Annotated photo localization data:
===============

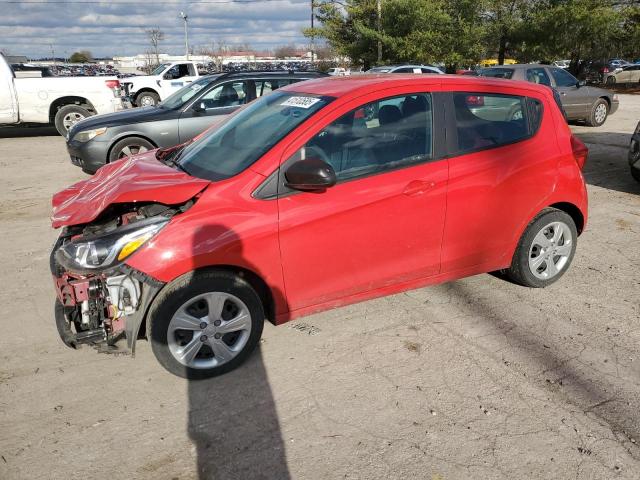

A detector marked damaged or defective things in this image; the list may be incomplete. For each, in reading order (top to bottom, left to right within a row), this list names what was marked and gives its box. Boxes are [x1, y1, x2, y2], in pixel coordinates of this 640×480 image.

damaged hood [52, 154, 210, 229]
broken headlight assembly [57, 217, 168, 272]
exposed headlight [58, 217, 168, 270]
crushed front end [49, 201, 190, 354]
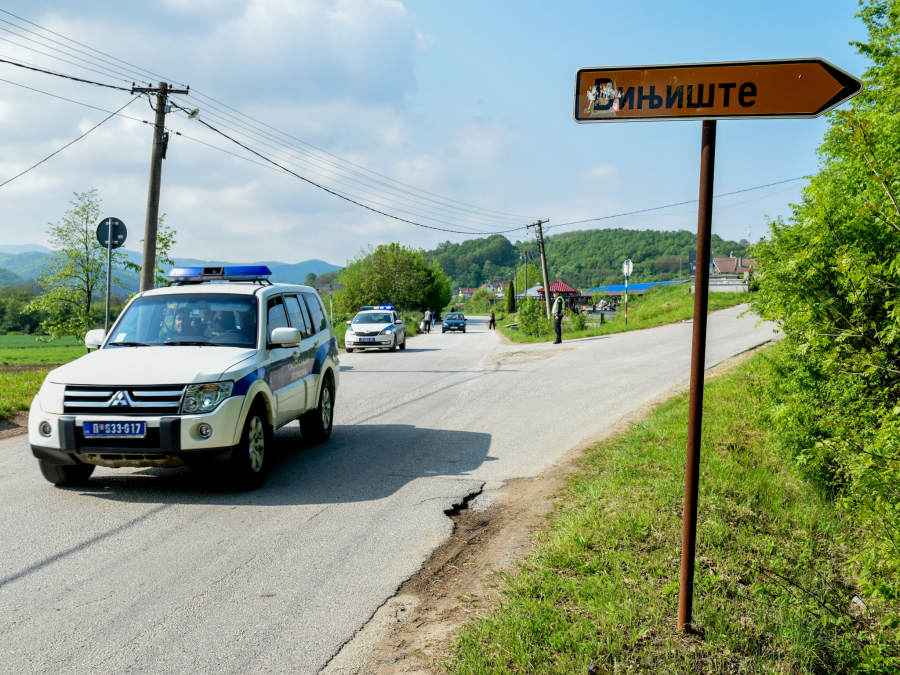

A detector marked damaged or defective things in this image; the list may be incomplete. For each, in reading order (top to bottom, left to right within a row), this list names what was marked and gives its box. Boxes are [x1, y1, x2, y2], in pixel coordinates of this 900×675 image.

rusty metal sign pole [684, 119, 716, 632]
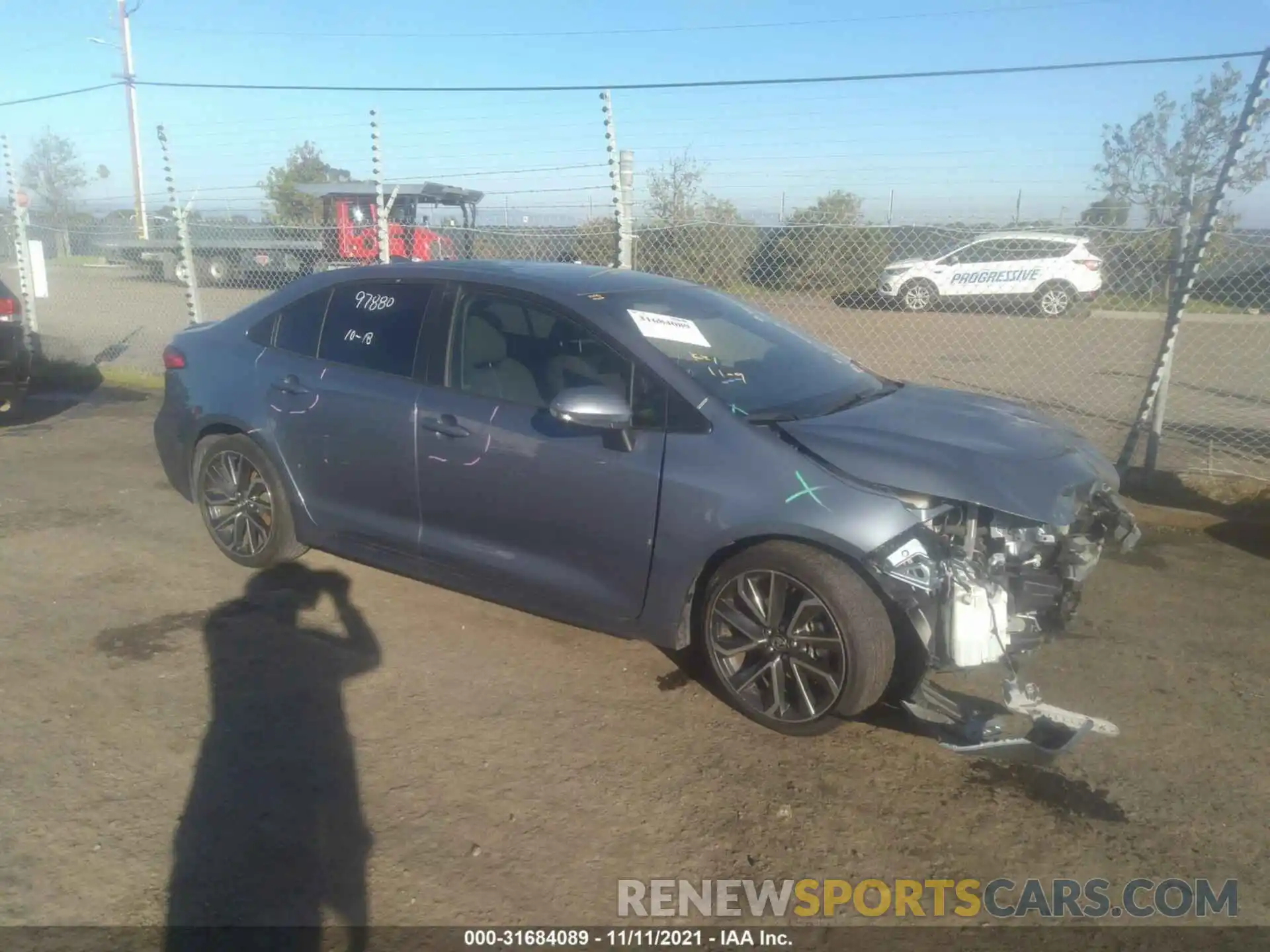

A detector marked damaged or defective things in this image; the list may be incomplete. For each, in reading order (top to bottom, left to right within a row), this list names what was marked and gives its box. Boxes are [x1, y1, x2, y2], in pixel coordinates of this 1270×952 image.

damaged gray sedan [153, 258, 1138, 762]
car's front end damage [767, 383, 1148, 766]
car's front end damage [873, 479, 1143, 766]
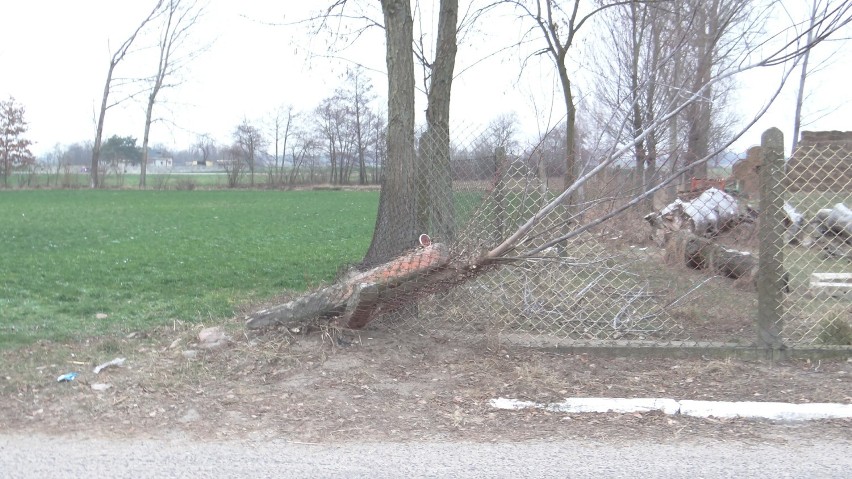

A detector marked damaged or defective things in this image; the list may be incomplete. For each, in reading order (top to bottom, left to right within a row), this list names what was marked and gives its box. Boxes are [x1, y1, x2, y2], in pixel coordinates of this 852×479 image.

damaged fence [248, 125, 852, 354]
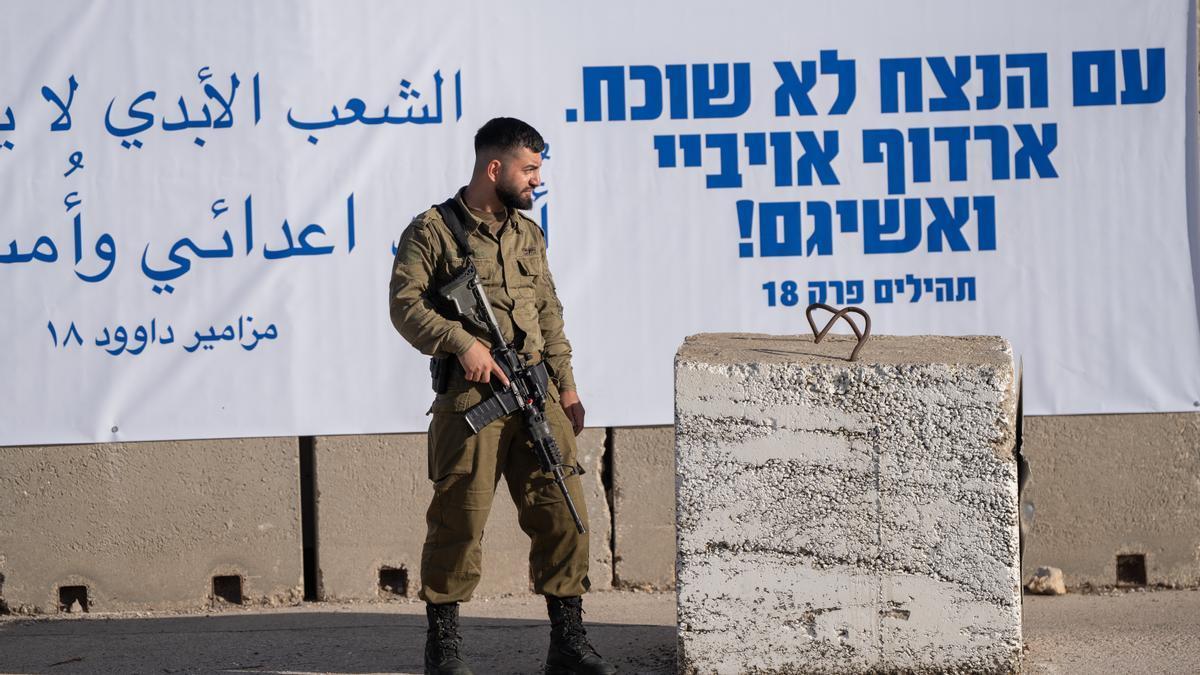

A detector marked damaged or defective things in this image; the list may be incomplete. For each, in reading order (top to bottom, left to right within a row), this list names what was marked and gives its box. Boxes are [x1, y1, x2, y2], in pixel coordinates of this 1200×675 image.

rusty metal loop [806, 302, 873, 360]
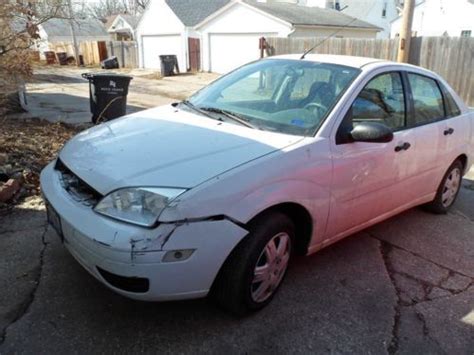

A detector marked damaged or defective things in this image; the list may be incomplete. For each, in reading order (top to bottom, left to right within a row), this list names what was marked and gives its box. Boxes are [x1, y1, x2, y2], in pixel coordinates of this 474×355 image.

cracked headlight [93, 188, 186, 227]
front bumper damage [39, 163, 250, 300]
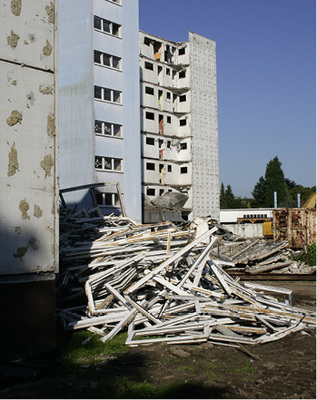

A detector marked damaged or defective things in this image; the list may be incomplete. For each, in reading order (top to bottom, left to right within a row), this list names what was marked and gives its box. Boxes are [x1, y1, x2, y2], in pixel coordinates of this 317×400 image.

peeling paint on wall [6, 110, 22, 126]
rusty metal container [272, 208, 314, 248]
orange rusted metal panel [272, 208, 314, 248]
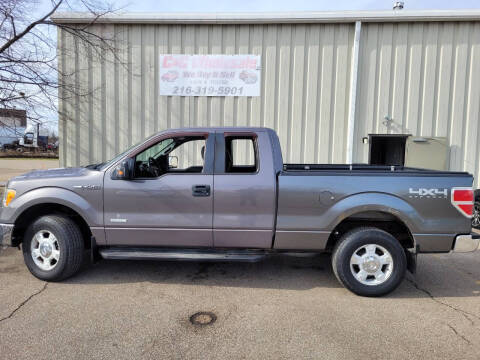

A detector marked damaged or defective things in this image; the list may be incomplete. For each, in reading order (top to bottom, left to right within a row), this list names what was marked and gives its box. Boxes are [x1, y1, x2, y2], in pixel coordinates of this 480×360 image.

===============

In your reply, please set down exactly the lines from the one containing "this 1200×675 image." through the end of the records, with the pictures left out.

**OUTPUT OF THE EXERCISE:**
A detector marked damaged or defective things in this image; the list may be incomplete. For each, in reading order (top to bottom, left to right within a row), this list names what was marked and gives its box. Boxes are [x1, y1, x2, y2], in pixel coordinates of this 1200×675 image.

rusty metal loop [806, 302, 873, 360]

A detector marked damaged or defective things in this image; the list may be incomplete. For each, in reading order (top to bottom, left to right within a row), this list names what was marked and gives its box. Boxes are [x1, y1, x2, y2], in pixel coordinates of this 474×355 image.

cracked headlight [93, 188, 186, 227]
front bumper damage [39, 163, 250, 300]

A detector marked damaged or defective things in this image; the list may be incomplete. For each, in reading order (top to bottom, left to right within a row), this list names what was marked and gives its box. Boxes are [x1, y1, x2, y2], in pixel coordinates of this 317×400 image.

peeling paint on wall [6, 110, 22, 126]
rusty metal container [272, 208, 314, 248]
orange rusted metal panel [272, 208, 314, 248]

A detector marked damaged or defective things in this image; the list may be incomplete. For each, in reading order (top to bottom, left to right within a row), this list names what was marked and gives its box. Boxes are [x1, y1, x2, y2], in pixel coordinates of this 480×360 image.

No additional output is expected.